Qualcuno è davvero incontentibile: come M4 che giorni fa si è sbranato una mucca sull'Altopiano di Asiago. In Trentino il monitoraggio è costante a difesa di un piano che ha i suoi risvolti positivi e anche qualche disagio collaterale. Un plantigrado che causa, ripetutamente, danni a mandrie di animali domestici o a colture, in generale a patrimoni non difendibili mediante misure di prevenzione, è un "orso dannoso".
Questa nuova tipologia di orso entra da oggi a far parte del Piano d’azione interregionale per la gestione dell’orso bruno, una modifica concordata con il Ministero dell'ambiente.
A distanza di sette anni dall’approvazione del Piano d’azione interregionale per la conservazione dell’orso bruno nelle Alpi centro-orientali (Pacobace), la Provincia autonoma di Trento, in collaborazione con la Provincia autonoma di Bolzano e le Regioni Lombardia, Veneto e Friuli Venezia Giulia, ha ritenuto opportuno aggiornare il Piano con alcune integrazioni di carattere tecnico e organizzativo.
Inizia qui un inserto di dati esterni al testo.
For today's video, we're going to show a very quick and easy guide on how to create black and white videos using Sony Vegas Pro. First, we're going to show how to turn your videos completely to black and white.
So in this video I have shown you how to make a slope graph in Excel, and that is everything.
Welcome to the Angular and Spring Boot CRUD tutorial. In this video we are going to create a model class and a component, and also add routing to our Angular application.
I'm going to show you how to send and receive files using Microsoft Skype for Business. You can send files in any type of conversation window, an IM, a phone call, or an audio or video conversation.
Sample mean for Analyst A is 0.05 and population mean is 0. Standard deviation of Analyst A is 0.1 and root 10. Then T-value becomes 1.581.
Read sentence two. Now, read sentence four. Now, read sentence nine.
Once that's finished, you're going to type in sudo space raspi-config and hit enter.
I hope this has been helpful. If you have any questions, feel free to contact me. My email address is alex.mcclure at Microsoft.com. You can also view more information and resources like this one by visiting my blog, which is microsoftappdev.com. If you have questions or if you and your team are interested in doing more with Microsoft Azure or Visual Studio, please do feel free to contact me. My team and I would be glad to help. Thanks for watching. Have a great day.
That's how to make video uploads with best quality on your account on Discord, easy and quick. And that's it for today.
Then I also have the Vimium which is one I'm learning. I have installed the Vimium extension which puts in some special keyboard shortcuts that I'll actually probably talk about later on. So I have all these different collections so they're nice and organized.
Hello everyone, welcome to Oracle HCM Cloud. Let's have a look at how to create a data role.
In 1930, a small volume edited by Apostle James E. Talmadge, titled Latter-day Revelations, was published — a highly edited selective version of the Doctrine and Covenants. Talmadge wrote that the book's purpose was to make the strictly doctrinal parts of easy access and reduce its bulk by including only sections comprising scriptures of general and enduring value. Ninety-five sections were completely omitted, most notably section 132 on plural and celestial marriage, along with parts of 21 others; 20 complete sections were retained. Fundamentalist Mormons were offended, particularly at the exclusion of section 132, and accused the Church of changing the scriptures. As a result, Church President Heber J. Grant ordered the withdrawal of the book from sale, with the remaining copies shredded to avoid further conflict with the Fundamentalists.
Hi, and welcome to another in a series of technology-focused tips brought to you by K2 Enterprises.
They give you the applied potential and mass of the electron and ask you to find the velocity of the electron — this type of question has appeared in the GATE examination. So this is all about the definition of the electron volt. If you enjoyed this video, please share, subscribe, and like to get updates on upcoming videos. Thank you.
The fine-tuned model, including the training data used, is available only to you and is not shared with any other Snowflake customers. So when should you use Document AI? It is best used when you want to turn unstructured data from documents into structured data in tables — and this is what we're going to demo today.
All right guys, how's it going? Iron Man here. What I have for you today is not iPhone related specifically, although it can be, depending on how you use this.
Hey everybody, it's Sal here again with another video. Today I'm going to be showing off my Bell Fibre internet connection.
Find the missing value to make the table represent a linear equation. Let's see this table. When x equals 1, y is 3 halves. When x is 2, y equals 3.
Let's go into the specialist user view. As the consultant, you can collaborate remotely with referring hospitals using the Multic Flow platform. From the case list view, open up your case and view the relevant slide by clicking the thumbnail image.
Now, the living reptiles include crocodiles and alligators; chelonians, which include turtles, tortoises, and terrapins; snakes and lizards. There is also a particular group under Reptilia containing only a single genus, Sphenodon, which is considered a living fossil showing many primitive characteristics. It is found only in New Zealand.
L’obiettivo è quello di migliorare la gestione dei plantigradi sul territorio, in considerazione anche dell'espansione raggiunta negli ultimi anni e quindi la conseguente necessità , in alcuni casi problematici, di intervenire tempestivamente, fornendo le necessarie risposte operative.
La modifica introdotta ha permesso di codificare la categoria di "orso dannoso", in precedenza non considerata, verso la quale poter attuare le azioni previste dal Piano stesso, compresa la possibilità di prelievo, mediante captivazione o abbattimento, degli esemplari che arrechino, ripetutamente, gravi danni a patrimoni non efficacemente difendibili con misure di prevenzione, come ad esempio il patrimonio zootecnico bovino in specifici contesti ambientali.
Per stabilire se un plantigrado debba o meno considerarsi dannoso è importante accertarne la ripetitività dei comportamenti. Un orso che causa un solo grave danno o che ne causa raramente, non è da considerarsi dannoso.
Va segnalato che nel 2013 nessun orso si è avvicinato ai centri abitati, ovvero non si è registrato nessun animale confidente ad esclusione di M11, il giovane orso improvvisamente scomparso dal Monte Baldo la scorsa primavera. Nel 2013 sono stati attribuiti all'orso 173 danni e sono stati complessivamente liquidati 128.218,65 euro; la maggior parte dei danni sono attribuibili a soli 4 esemplari (M4, M2, M6 e M11). Nel corso del 2013 la squadra di emergenza è invece stata attivata 31 volte e si è limitata prevalentemente al presidio e all'informazione della popolazione e solo in 10 casi ha avuto un contatto visivo con l'orso. Il rapporto analizza anche la presenza della lince (uno solo l'esemplare certamente presente in provincia), dello sciacallo dorato e la situazione del lupo, il cui ritorno sulle Alpi è stato del tutto naturale.
La gestione dell'orso ha risvolti di non poco conto anche sul piano economico. Basti pensare agli indennizzi a coltivatori e allevatori colpiti dalle razzie dell'orso. Esiste al riguardo un prezziario: 240 euro per una pecora adulta gravida con più di 9 mesi di età ; da 58 a 262 euro a capo per i caprini; da 798 a 2.170 euro per i bovini non iscritti al libro genealogico, cifre che salgono da 952 ad un massimo di 2.604 euro se si tratta invece di vacche, manze e vitelli di alta genealogia.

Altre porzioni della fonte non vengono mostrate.